Reputation: 77
I have Paraquet files in my S3 bucket which is not AWS S3.
Is there a tool that connects to any S3 service (like Wasabi, Digital Ocean, MinIO), and allows me to query the Parquet files?
Upvotes: 4
Views: 10509
Reputation: 2615
QStudio is a free SQL client that bundles DuckDB as part of the download: https://www.timestored.com/qstudio/help/duckdb-sql-editor
Go File Menu -> New DuckDB database then use the commands ns15 provided:
-- Highlight and press Control+E to Execute all commands one by one
INSTALL httpfs;
LOAD httpfs;
SET s3_region='us-east-1';
SET s3_access_key_id='****';
SET s3_secret_access_key='****';
-- Read the data using S3 protocol
select * from read_parquet('s3://test-me-ses/userdata1.parquet');
select * from read_parquet('https://www.timestored.com/data/sample/titanic.parquet');
If you install QStudio in windows it adds a parquet association that allows just double clicking to open and query a parquet file: https://www.timestored.com/qstudio/parquet-file-viewer
Disclaimer: I'm the author since 2013.
Upvotes: 0
Reputation: 8844
In case you need a GUI tool then you can use DBeaver + DuckDB. For programmatic use, You can find DuckDB library for most languages.

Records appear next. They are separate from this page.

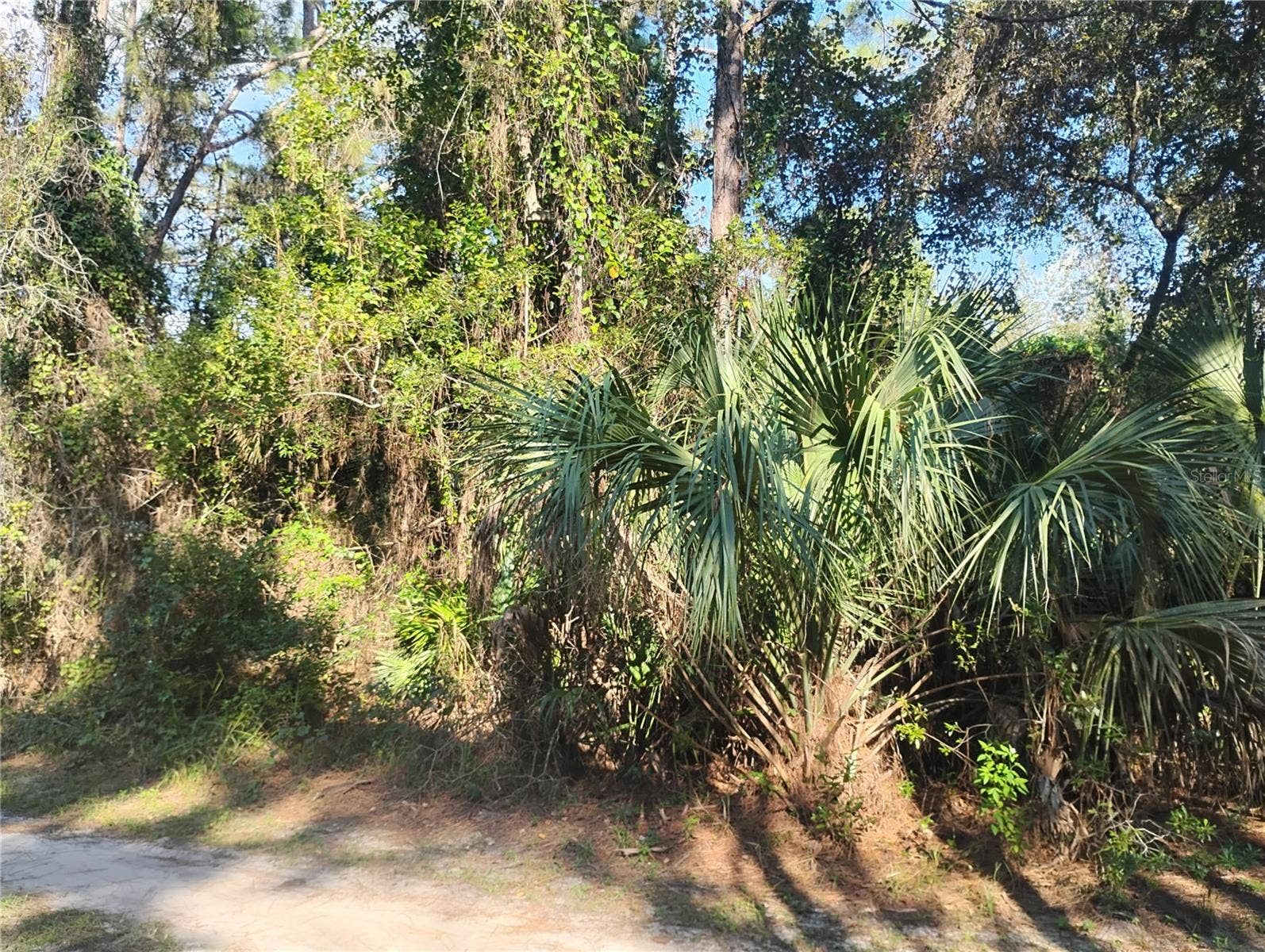 JESSIE AVENUE, Deland, FL 32720 JESSIE AVENUE, Deland, FL 32720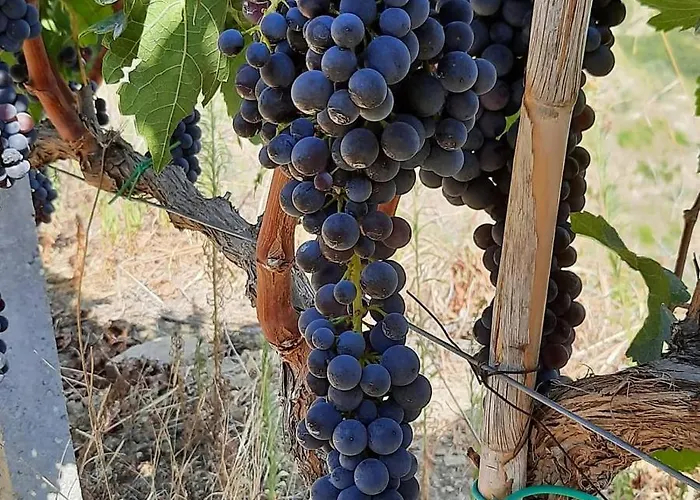 Pupa Winery Serene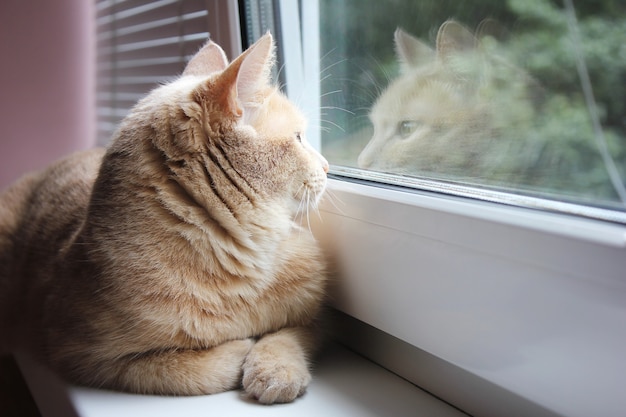 Rode kat kijkt uit het raam en zijn spiegelbeeld in het glas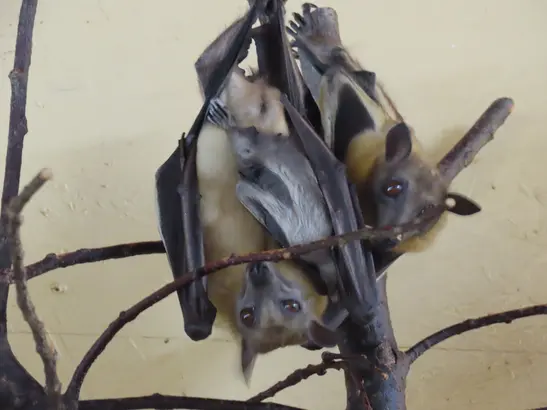 The Young of the Palm Fruit Bats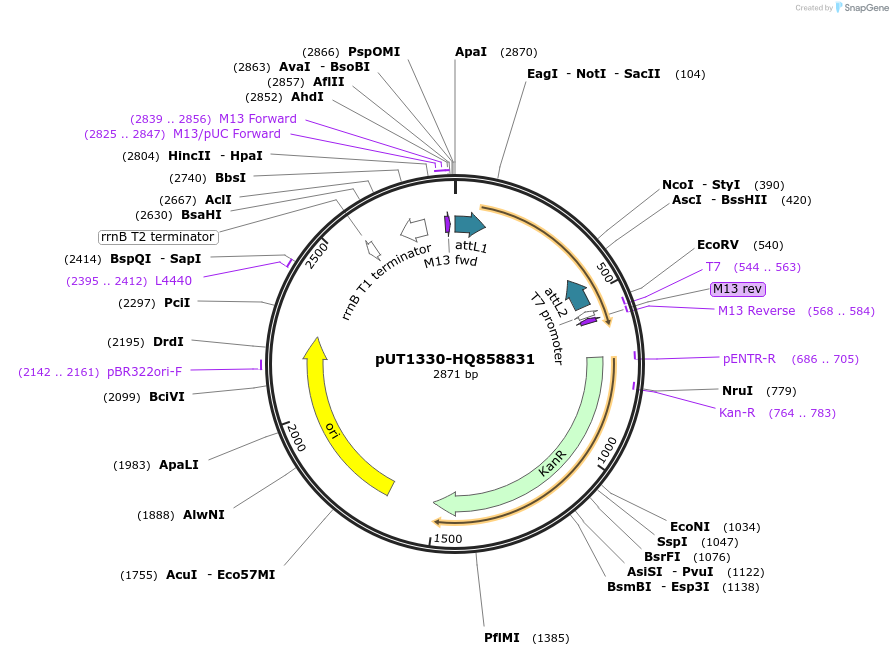 27913-plasmid-map-sequence-id-13187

Here is my other answer on the same topic.
There is a slight difference since you are querying data on a S3 compatible storage. You simply need to run few additional commands mentioned here in the DuckDB docs.
-- Execute these commnds one by one or run as a script from DBeaver
INSTALL httpfs;
LOAD httpfs;
SET s3_region='us-east-1';
SET s3_access_key_id='****';
SET s3_secret_access_key='****';
-- Read the data using S3 protocol
select * from read_parquet('s3://test-me-ses/userdata1.parquet');
In case you have parquet files hosted and served from S3 or any web server via HTTP - DuckDB has this covered as well.
-- Read the data using HTTP protocol if parquet file is hosted
SELECT * FROM read_parquet('https://test-me-ses.s3.amazonaws.com/userdata1.parquet');
Any S3 compatible object store(Wasabi, Digital Ocean, MinIO) should work similarly..
You can also write the data back as parquet after transformation to any S3 compatible storage(AWS, MinIO etc..).
All of these can be done programmatically as well.
Upvotes: 5
Reputation: 1348
With MongoDB this can be done with our Atlas Data Federation product https://www.mongodb.com/docs/atlas/data-federation/overview/
It can query parquet files stored in S3.
Upvotes: 0